Monday, 9 March 2015

New Ideas

The glorious sunshine this past weekend has reinforced the fact that spring is now finally on it's way. My windowsills have been full of seed trays for the past month  and despite a cat and a one year old constantly trying (and occasionally succeeding) to dig up what inside, I have actually manged to grow a few things.

Six broad beans plants were planted into the new veg patch yesterday with another four seeds sown directly alongside. Looking back through the blog at this time last year I was doing exactly the same thing however I have learnt a few things. The beans were germinated on a much sunnier windowsill which has resulted in much shorter, stronger plants. Last years grew too tall due to not receiving enough sunlight but being the first year that I had grown them I was blissfully unaware that they weren't meant to look like this. they blew about so much in the wind after planting out that in a week there was nothing left of them. This year the plants have been placed outside to harden off during the day and brought in overnight for the past week. For the past two days I left them in a sheltered spot outside the back door to fully acclimatise prior to planting.

Another improvement is the quantity, broad beans freeze so well that I might as well grow a load at once and use the space for something else afterwards.

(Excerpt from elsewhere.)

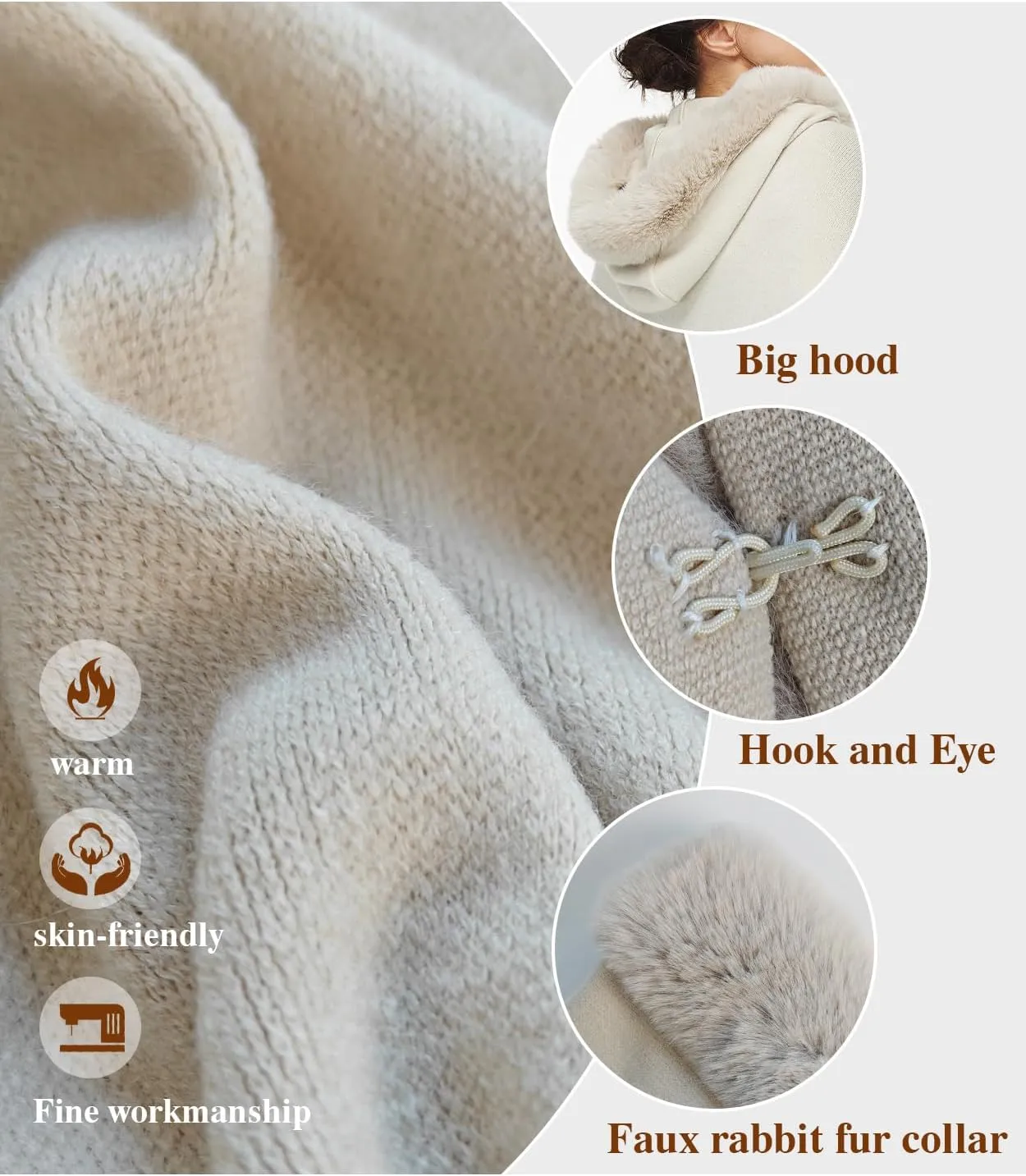 Poncho Hooded Shawl Wrap Women Cape Winter Faux Fur Trim Coat Sleeveless Cardigan Dressy Cloak for Party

I'll sow another large batch later in the year but there is no point trickling them out as I tried to last year. The same goes for other things such as onions, French beans and peas. a couple of large sowings should provide plenty of fresh veg and also plenty to store.

At the opposite end of the scale I have sown the first of this years carrots. These will be successionally sown and have been planted in rows with spring onions in between. The idea being that the scent of the spring onions should overpower the carrots and put off any carrot root fly. I have gone for three varieties initially, just what I had left over from last year. I'll see how these get on and decide whether I need to buy any more for sowings later in the year. To ensure perfectly straight carrots I've added plenty of sand to the soil in what was the old polytunnel bed. Manure was added to this last September followed by a brassica crop that was devoured by the ducks after the polytunnel blew away. There should be the a good amount of nutrients left in the soil and hopefully it's sufficiently incorporated to not hinder the carrots growth. If the soil had been recently manured I would expect to see forked carrots due to the roots going in search of the best soil.

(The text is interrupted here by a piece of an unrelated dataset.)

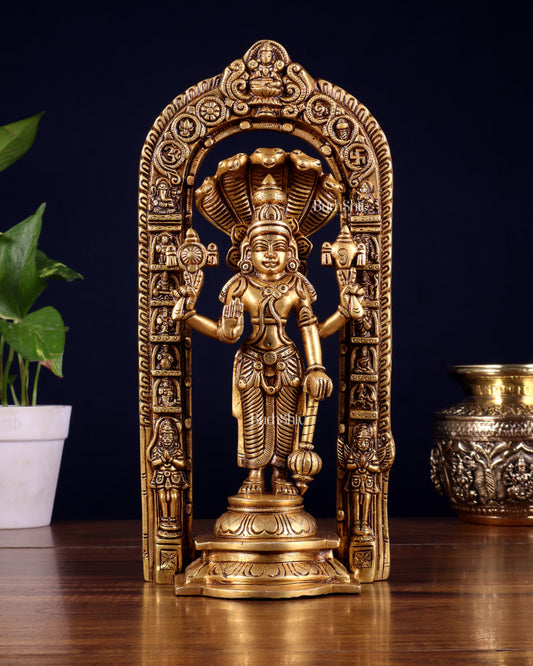 Pure Brass Vishnu with Sheshanaag & Prabhavali Arch 12 inch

To fill a gap in the raised beds I have filled one with early peas. these will hopefully be harvested during June and once past their best will come up ready for something else to go straight in. the good thing about all legumes is that they actually fix nitrogen into the soil rather consuming it as other plants would, this means they'll be very little soil preparation following these.

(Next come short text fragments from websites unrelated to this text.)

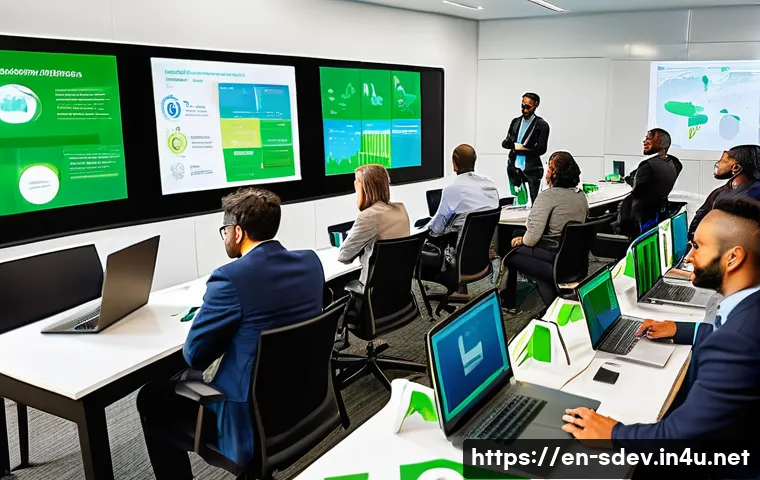 지속가능발전 전문가의 경력 관리 팁 - A professional setting showing a diverse group of sustainability experts engaged in a collaborative ...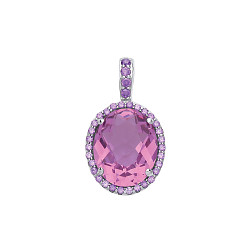 925 Sterling Silver CZ & Amethyst Oval Pendant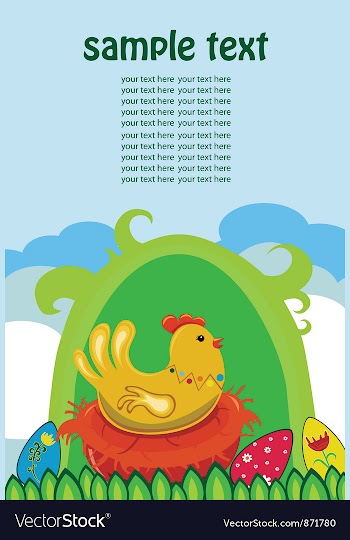 Easter background with hen vector image
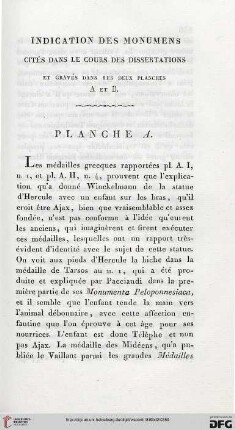 Indication des monuments cités dans le cours des dissertations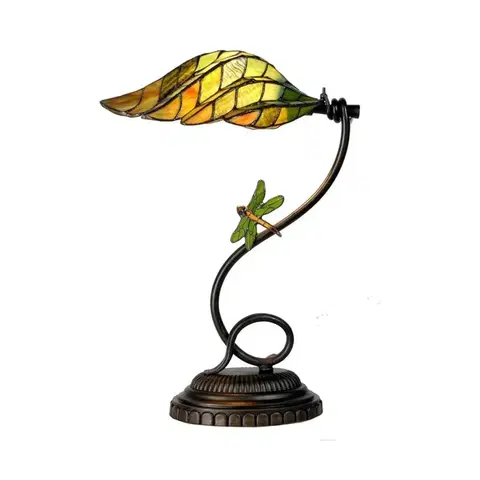 Stolní lampy Clayre&Eef Leaf - vkusná stolní lampa Tiffany styl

Preparing the soil has been my main task over the past couple of months. Last year I dug everything over as best as I could, removing any stones and breaking up the clods of soil as I went. The soil wasn't too bad, not great but good enough. Some things did really well and others never really took off. Since then I have had two compost heaps on the go and have gone compost mad. Literally anything that is remotely compostable get put in the pile. Interestingly the one that is out in the open surrounded by wooden pallets has produced much better compost than the other big plastic recycling bin that cost me fifty pounds. I suppose it makes sense, one pile is easier to turn than the other and has had ducks and chickens digging it up looking for worms while the other has remained largely untouched. Worth noting though before anyone goes out and buys one that a pile in the corner will achieve the same effect quicker and for free.

The plants will now be going in thick and fast with potatoes chitting, kale, chard, leeks and onions all growing on the windowsills. Since the polytunnel blew away I've lost a valuable place to get things started but that's not going to slow me down. Where possible I'll sow direct and as long as I can keep the ducks and chickens away, with the groundwork that I have already put in, the garden will hopefully thrive this summer.